Re: data quality vocabulary - scope

Hi Annette, everyone,

Trying to reflect the broader range of some of Annette's comments...


> (Credibility [could be a statement], as the decision of who is authoritative is subjective, and I wouldn't want to rate a good dataset poorly because it was put out by a small business.)
>


Some may disagree with this, which leads to the following point.


> I think we also need to think about how this vocabulary is expected to be used. If a data publisher provides quality information upon publication (which is what I've been thinking of as the main use of the vocabulary), then some items won't really make sense to include. Information like why the data was removed from the web will not be available when it is first published.


DQV is meant to be used by the data publisher, but also by anyone who could have a say on the quality, after publication.
If no one has a strong objection about this scope, and the DQV draft is not clear about it, then we should make it clearer.

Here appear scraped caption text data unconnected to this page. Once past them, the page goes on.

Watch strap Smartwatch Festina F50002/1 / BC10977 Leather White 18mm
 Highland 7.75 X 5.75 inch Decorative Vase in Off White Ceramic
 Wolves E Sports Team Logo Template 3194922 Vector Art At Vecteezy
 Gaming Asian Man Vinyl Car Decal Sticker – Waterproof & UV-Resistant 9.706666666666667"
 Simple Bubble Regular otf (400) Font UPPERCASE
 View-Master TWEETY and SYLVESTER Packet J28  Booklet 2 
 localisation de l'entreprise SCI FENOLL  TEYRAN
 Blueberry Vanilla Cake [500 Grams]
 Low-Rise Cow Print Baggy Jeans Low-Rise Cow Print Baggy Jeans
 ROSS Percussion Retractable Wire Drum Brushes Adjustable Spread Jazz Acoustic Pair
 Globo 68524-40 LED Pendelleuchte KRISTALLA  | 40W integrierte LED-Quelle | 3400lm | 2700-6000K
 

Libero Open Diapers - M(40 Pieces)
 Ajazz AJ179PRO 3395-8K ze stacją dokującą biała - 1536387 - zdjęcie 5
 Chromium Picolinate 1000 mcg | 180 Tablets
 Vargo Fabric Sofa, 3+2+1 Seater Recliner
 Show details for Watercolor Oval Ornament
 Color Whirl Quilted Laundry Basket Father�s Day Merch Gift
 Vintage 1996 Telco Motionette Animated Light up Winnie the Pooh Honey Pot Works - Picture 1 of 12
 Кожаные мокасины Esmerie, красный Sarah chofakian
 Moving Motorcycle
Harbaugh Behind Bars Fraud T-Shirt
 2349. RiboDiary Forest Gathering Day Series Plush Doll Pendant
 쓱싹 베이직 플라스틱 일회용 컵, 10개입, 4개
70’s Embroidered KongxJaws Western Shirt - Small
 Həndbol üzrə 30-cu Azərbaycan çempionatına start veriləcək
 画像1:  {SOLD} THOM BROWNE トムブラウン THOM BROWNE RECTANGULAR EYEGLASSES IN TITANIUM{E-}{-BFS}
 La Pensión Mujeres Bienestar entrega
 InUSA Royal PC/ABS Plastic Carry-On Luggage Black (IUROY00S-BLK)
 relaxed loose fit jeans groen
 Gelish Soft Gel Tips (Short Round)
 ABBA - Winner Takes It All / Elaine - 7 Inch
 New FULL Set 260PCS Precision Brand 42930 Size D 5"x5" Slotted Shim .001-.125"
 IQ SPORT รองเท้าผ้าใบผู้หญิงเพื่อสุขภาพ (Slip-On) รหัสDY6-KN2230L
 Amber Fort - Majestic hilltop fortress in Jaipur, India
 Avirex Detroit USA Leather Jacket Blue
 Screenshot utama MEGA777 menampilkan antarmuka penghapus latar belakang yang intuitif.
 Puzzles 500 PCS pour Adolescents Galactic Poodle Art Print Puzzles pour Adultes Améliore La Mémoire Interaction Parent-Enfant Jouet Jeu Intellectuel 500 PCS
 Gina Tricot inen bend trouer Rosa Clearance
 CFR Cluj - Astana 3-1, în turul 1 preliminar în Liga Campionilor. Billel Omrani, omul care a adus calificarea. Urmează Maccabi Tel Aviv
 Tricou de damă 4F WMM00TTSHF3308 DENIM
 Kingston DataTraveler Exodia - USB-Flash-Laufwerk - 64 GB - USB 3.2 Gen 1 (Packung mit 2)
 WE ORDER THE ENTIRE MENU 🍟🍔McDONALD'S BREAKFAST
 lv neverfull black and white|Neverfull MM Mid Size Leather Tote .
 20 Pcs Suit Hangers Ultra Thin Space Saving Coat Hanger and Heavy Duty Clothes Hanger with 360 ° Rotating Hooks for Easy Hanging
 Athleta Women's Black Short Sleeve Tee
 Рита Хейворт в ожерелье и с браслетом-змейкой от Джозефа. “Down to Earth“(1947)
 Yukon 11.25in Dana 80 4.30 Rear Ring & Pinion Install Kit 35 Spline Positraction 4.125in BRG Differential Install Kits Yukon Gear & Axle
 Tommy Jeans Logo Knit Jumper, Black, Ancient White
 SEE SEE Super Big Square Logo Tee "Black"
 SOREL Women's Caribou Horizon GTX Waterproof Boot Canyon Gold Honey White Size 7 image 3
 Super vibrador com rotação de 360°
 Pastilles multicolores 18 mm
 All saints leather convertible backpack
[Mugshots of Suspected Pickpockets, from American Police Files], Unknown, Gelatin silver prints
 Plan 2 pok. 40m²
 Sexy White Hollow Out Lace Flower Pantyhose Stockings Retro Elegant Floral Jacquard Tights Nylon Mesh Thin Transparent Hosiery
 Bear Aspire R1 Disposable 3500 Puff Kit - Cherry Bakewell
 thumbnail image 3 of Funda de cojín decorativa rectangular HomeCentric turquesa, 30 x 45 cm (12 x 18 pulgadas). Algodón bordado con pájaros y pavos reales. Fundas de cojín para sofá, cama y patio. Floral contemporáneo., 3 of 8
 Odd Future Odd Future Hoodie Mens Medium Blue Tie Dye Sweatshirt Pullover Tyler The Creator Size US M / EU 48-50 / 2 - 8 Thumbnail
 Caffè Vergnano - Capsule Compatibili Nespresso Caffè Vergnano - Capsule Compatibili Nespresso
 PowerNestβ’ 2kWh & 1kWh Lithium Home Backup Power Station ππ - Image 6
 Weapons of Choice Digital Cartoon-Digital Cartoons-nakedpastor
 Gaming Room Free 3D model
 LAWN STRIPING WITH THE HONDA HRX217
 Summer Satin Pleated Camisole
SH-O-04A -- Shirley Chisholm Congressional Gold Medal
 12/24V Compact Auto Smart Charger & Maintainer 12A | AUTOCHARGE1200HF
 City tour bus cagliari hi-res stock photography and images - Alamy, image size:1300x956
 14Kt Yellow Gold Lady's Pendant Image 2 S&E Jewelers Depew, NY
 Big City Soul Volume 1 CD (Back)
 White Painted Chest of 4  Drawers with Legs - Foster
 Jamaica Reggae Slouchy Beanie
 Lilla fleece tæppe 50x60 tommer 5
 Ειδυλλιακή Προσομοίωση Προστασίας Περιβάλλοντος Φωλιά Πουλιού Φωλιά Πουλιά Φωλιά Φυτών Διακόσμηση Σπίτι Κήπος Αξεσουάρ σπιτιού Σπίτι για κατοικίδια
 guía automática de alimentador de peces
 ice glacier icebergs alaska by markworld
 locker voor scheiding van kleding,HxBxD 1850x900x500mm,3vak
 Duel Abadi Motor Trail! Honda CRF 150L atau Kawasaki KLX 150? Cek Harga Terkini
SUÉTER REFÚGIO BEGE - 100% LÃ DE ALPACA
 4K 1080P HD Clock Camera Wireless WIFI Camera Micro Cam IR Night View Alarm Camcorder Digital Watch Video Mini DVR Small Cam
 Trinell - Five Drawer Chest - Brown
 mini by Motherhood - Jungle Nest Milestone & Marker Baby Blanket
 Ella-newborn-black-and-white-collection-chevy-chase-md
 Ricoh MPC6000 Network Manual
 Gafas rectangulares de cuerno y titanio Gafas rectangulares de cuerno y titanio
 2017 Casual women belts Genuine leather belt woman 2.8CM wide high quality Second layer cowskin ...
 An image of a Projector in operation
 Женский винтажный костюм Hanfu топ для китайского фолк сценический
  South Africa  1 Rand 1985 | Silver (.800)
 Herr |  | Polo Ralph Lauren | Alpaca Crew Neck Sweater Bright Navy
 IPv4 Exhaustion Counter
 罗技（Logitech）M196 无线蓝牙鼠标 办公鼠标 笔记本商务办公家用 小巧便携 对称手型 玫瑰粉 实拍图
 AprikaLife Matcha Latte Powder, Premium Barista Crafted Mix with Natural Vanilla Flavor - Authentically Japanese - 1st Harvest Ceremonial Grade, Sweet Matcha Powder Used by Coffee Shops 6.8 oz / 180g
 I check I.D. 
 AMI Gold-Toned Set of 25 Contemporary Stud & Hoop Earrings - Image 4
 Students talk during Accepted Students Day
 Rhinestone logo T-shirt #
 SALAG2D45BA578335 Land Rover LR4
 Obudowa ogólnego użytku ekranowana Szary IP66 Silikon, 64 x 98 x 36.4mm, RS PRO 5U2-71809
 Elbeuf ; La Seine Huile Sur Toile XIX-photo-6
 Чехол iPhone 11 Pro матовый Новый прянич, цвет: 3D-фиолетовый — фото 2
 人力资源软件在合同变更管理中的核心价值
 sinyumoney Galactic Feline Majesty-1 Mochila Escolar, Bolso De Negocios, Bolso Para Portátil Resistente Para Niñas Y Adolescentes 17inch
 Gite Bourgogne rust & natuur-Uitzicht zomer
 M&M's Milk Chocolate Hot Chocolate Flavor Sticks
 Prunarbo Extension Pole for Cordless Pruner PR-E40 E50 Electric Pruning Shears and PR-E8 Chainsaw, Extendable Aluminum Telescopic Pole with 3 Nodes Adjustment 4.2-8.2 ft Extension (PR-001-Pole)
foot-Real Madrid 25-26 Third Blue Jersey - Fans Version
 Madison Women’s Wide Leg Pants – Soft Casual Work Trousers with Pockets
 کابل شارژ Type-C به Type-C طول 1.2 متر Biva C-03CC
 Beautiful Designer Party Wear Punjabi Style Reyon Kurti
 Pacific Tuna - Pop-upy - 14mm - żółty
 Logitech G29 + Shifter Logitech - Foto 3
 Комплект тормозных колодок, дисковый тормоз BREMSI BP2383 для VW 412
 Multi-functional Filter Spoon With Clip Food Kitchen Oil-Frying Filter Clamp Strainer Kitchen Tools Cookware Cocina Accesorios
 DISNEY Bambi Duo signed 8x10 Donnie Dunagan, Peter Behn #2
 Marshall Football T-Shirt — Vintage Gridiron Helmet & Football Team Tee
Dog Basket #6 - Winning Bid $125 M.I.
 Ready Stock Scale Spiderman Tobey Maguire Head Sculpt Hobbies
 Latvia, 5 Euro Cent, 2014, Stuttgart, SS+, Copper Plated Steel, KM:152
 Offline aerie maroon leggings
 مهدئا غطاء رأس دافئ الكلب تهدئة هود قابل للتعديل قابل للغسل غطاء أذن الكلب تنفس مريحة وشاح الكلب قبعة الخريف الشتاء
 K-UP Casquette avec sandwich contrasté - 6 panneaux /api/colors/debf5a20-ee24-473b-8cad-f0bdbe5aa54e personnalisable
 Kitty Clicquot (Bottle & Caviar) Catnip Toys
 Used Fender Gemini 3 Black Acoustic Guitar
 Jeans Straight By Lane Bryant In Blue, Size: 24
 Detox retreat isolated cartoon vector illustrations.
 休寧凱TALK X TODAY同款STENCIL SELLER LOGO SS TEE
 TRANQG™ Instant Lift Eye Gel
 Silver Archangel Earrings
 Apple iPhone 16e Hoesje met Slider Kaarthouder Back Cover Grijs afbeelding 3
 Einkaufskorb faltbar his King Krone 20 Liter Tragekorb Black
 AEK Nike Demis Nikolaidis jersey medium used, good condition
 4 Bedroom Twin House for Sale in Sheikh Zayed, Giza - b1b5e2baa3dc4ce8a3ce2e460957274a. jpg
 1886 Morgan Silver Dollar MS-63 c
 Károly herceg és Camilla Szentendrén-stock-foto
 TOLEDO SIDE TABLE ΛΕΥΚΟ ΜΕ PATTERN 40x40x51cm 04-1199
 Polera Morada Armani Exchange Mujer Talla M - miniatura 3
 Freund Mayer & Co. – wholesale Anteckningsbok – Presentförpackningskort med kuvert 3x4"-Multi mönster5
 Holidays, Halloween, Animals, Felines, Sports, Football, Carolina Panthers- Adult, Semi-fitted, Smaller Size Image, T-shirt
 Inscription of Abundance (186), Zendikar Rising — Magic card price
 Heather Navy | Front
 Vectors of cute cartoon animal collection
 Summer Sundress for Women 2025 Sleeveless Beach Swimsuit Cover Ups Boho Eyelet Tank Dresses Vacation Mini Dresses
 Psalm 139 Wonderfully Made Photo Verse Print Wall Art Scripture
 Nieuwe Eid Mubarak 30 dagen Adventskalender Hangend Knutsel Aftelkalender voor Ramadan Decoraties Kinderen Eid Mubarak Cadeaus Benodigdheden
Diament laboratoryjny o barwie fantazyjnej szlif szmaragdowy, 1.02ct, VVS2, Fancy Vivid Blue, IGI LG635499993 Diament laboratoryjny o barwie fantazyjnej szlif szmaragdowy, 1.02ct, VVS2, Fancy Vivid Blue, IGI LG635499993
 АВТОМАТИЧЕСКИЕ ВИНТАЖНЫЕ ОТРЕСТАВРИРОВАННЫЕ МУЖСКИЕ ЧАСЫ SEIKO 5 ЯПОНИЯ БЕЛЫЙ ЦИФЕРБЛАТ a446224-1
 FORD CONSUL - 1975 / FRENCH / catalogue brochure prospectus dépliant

Note that this is the main reason why there's potential overlap with DUV (ie., for feedback). And why we're keen to have provenance of quality MD (so that someone could judge the credibility of a credibility statement).



> I worry, too, that we are defining some stuff that really isn't about data quality so much as the best practices that we have in the BP doc. I'm thinking here of the mentions of machine readability and metadata.
> We may need to do some scoping to be sure we are targeting quality information. I would suggest that we avoid repeating what is in the BP doc.


(I am not sure that I'm fully understanding your worry here, but I'll try my interpretation...)

I have repeatedly asked for such scoping discussion, since we gathered all these preparatory wiki pages of the last F2F.
Especially, whether DQV should include (or even focus) on quality criteria that would be defined by the group as part of the BPs.

I think there was never a clear answer. Well, it seemed to me that at one point people seemed to like the idea of using DQV to measure how well dataset comply with our BPs. But maybe this is a personal interpretation of discussions I was not physically in.

Personally I'm a bit lukewarm on the idea. Even though I must admit that defining the "star system" (that has been mentioned a couple of times before) using DQV looks like an interesting exercise of eating one's own dog food.

What do you think?

Antoine

Received on Tuesday, 2 June 2015 22:25:24 UTC